Sovyet yönetimi, sürgünden sonra Kırım’da, Kırım Tatarlarının varlığına işaret eden her şeyi ortadan kaldırmaya başladı. Adeta bir kültürel soykırım dalgası başladı. Köy, kasaba, ilçe ve şehirler başta olmak üzere Yarımada'daki binden fazla yerleşim yerinin Kırım Tatarca olan adları değiştirildi.
Sovyet yönetimi, Vatan Kırım’ın demografik yapısını değiştirmeyi amaçladı. Ancak Kırım Tatarları, bağrından koparıldıkları o aziz Vatanı, Kırım’ı hiçbir zaman unutmadı. Sürgünlük yollarında, sürgün edildikleri yerlerde vatana dönmek için çaba gösterdi.
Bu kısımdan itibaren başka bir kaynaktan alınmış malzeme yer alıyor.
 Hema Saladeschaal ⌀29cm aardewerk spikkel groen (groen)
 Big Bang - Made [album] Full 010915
Nihayet, yıl 1989’u gösterdiğinde Kırım Tatarları, yavaş yavaş ata topraklarına dönmeye başladı. O tarihten itibaren Kırım Tatarları yaşadıkları yokluklara rağmen vatanda kalma mücadelesini sürdürdü.
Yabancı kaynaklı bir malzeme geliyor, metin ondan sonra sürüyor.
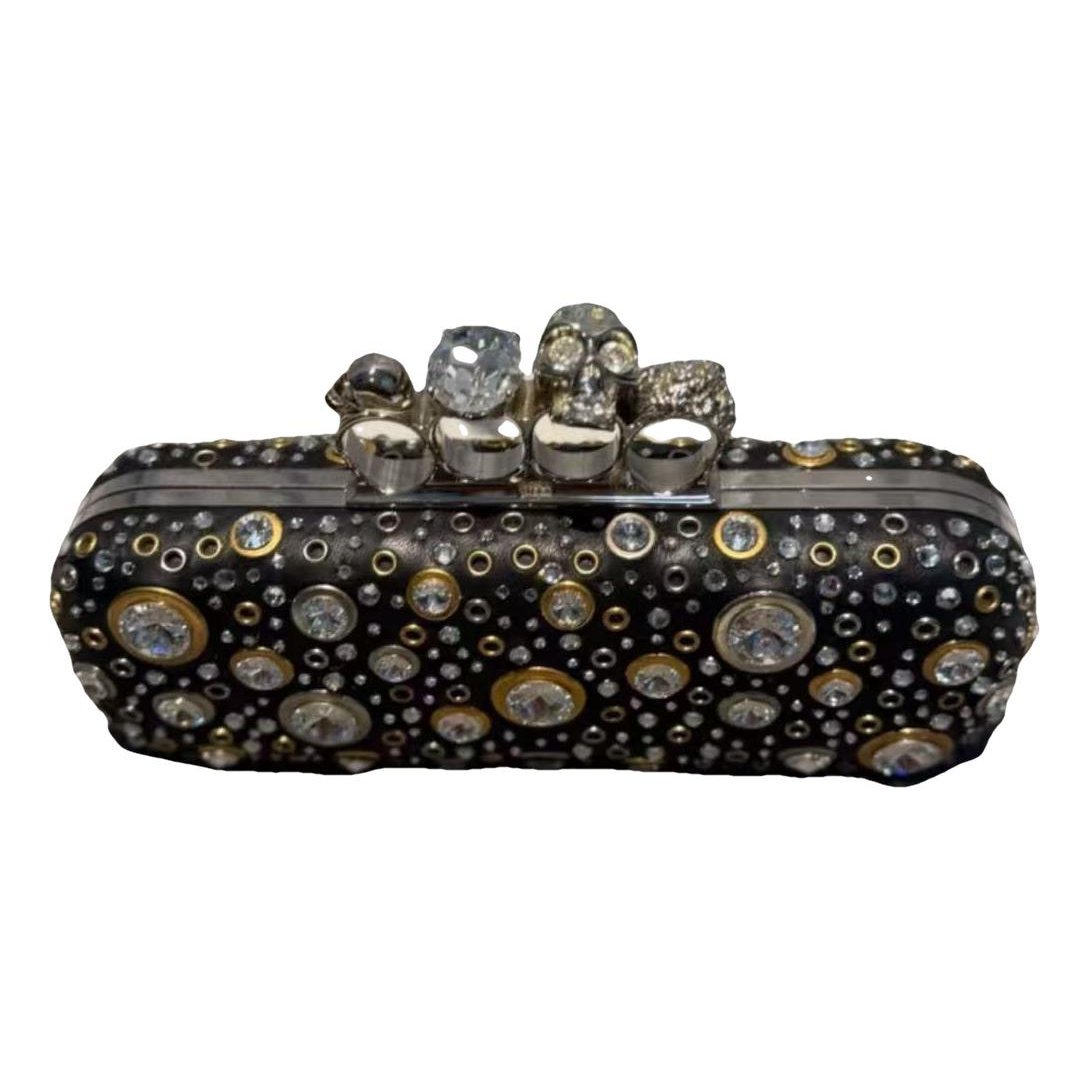 Alexander McQueen Knuckle clutch bag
Kırım Tatarları, 1989’un sonuna kadar sürgün yerlerinde zorla tutuluyordu. Anavatan Kırım’a geri dönme teşebbüsleri, hapisle ve yeni sürgünle cezalandırılıyordu. Sovyetler Birliği’nin dağılmasıyla birlikte Kırım Tatarları vatana dönmeye başladı. Ancak yaklaşık 150 bin Kırım Tatarı maddi yetersizlik ve yasal engeller nedeniyle Türkistan'da kaldı.
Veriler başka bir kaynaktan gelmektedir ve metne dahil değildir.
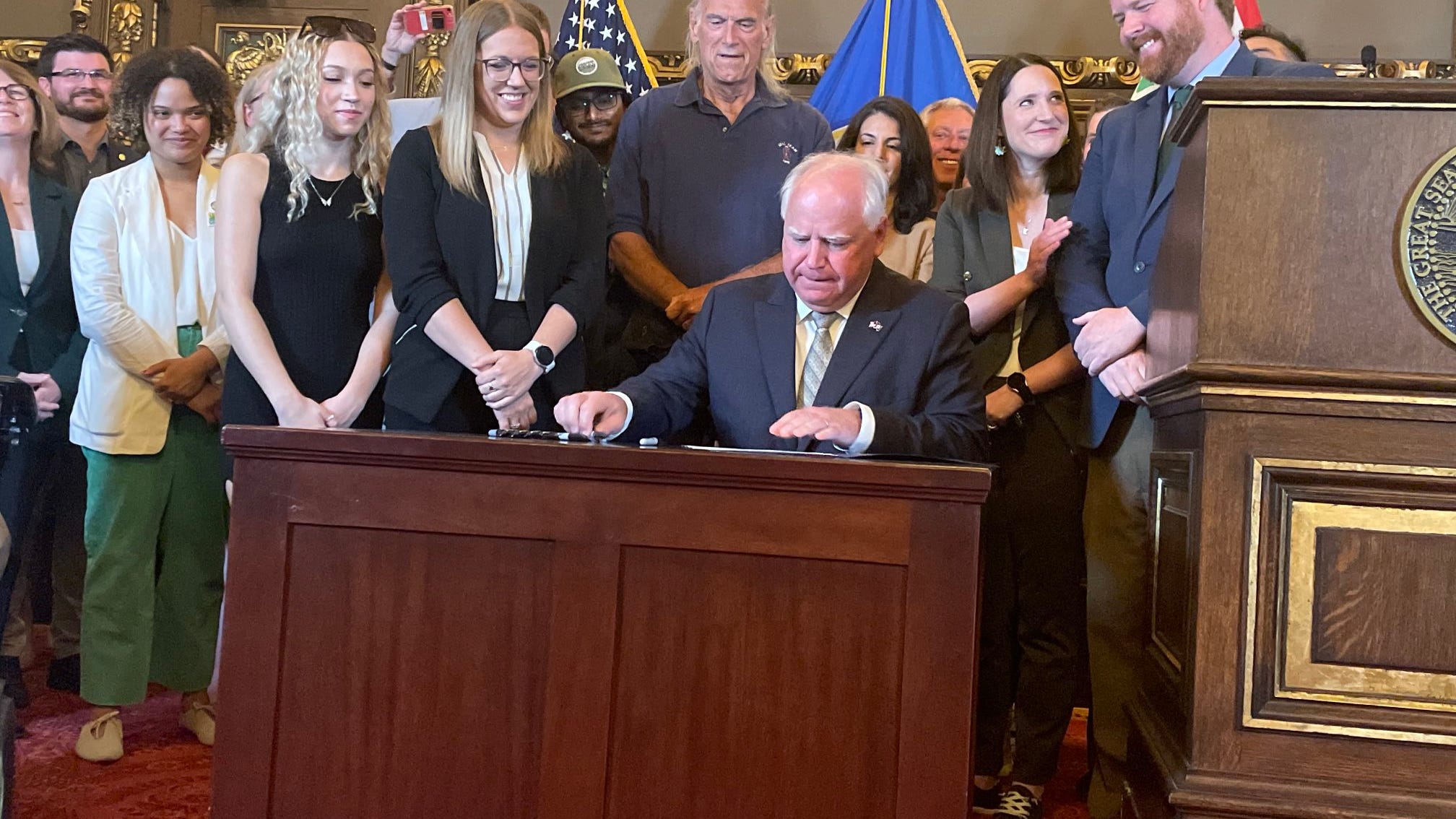 Minnesota becomes 23rd state to legalize recreational marijuana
2015 yılında Ukrayna Parlamentosu, Kırım Tatar Sürgünü’nü soykırım olarak kabul etti ve 18 Mayıs tarihini “Kırım Tatar Soykırım Kurbanlarını Anma Günü” olarak ilan etti.
2019 yılında Letonya ve Litvanya meclisleri, 2022’de ise Kanada parlamentosunun alt kanadı olan avam kamarası 18 Mayıs 1944 Kırım Tatar Sürgünü'nü soykırım olarak tanıdı.